AUTHOR=Elli Francesca Marta , Mattinzoli Deborah , Ikehata Masami , Bagnaresi Francesca , Maffini Maria A. , Del Sindaco Giulia , Pagnano Angela , Lucca Camilla , Messa Piergiorgio , Arosio Maura , Castellano Giuseppe , Alfieri Carlo M. , Mantovani Giovanna TITLE=Targeted silencing of GNAS in a human model of osteoprogenitor cells results in the deregulation of the osteogenic differentiation program JOURNAL=Frontiers in Endocrinology VOLUME=15 YEAR=2024 URL=https://www.frontiersin.org/journals/endocrinology/articles/10.3389/fendo.2024.1296886 DOI=10.3389/fendo.2024.1296886 ISSN=1664-2392 ABSTRACT=Introduction

The dysregulation of cell fate toward osteoprecursor cells associated with most GNAS-based disorders may lead to episodic de novo extraskeletal or ectopic bone formation in subcutaneous tissues.
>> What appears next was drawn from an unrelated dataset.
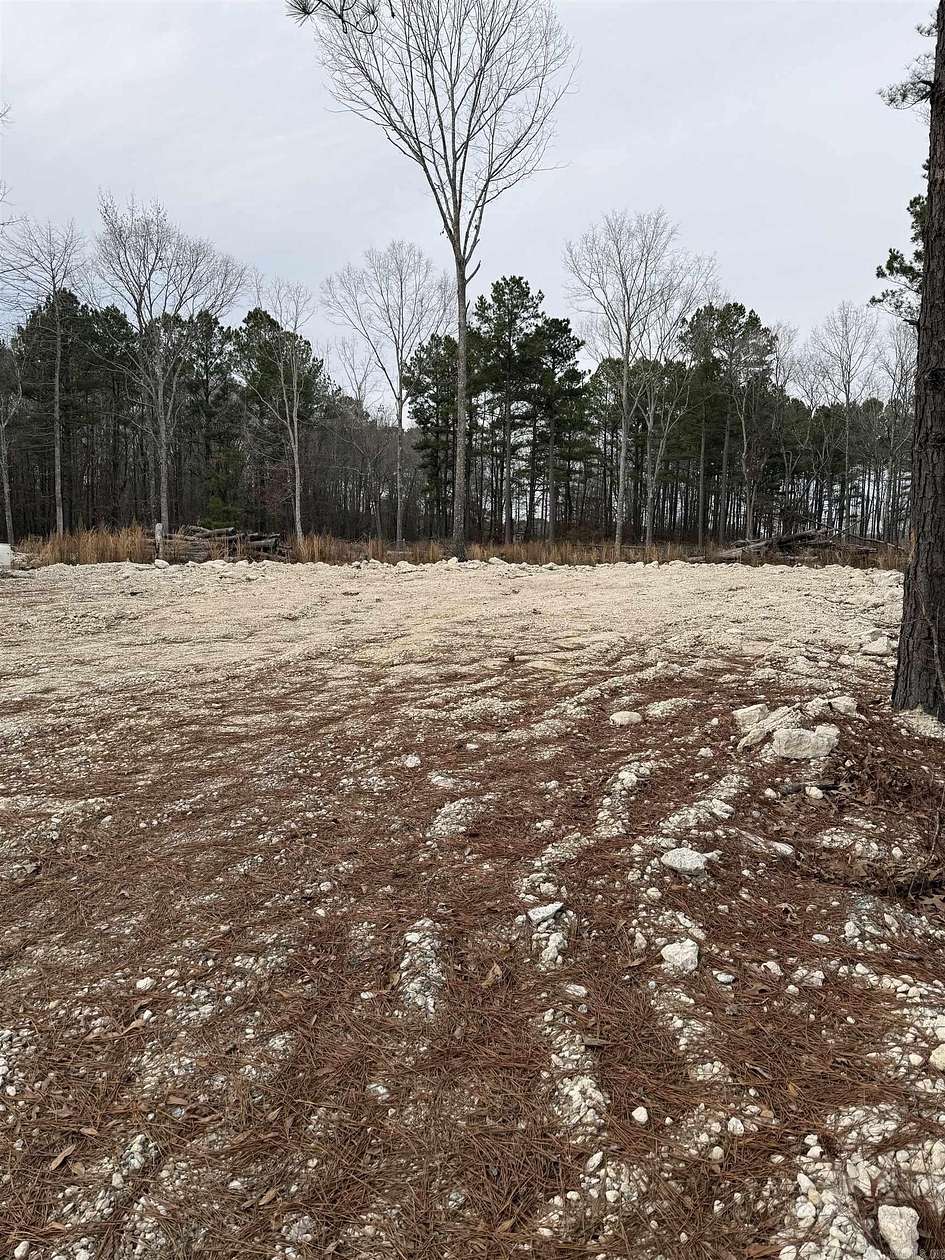 5 Acres of Residential Land for Sale in Little Rock, Arkansas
The bony lesion distribution suggests the involvement of abnormal differentiation of mesenchymal stem cells (MSCs) and/or more committed precursor cells. Data from transgenic mice support the concept that GNAS is a crucial factor in regulating lineage switching between osteoblasts (OBs) and adipocyte fates. The mosaic nature of heterotopic bone lesions suggests that GNAS genetic defects provide a sensitized background for ectopic osteodifferentiation, but the underlying molecular mechanism remains largely unknown.

Methods

The effect of GNAS silencing in the presence and/or absence of osteoblastic stimuli was evaluated in the human L88/5 MSC line during osteodifferentiation. A comparison of the data obtained with data coming from a bony lesion from a GNAS-mutated patient was also provided.

Results

Our study adds some dowels to the current fragmented notions about the role of GNAS during osteoblastic differentiation, such as the premature transition of immature OBs into osteocytes and the characterization of the differences in the deposed bone matrix.

Conclusion

We demonstrated that our cell model partially replicates the in vivo behavior results, resulting in an applicable human model to elucidate the pathophysiology of ectopic bone formation in GNAS-based disorders.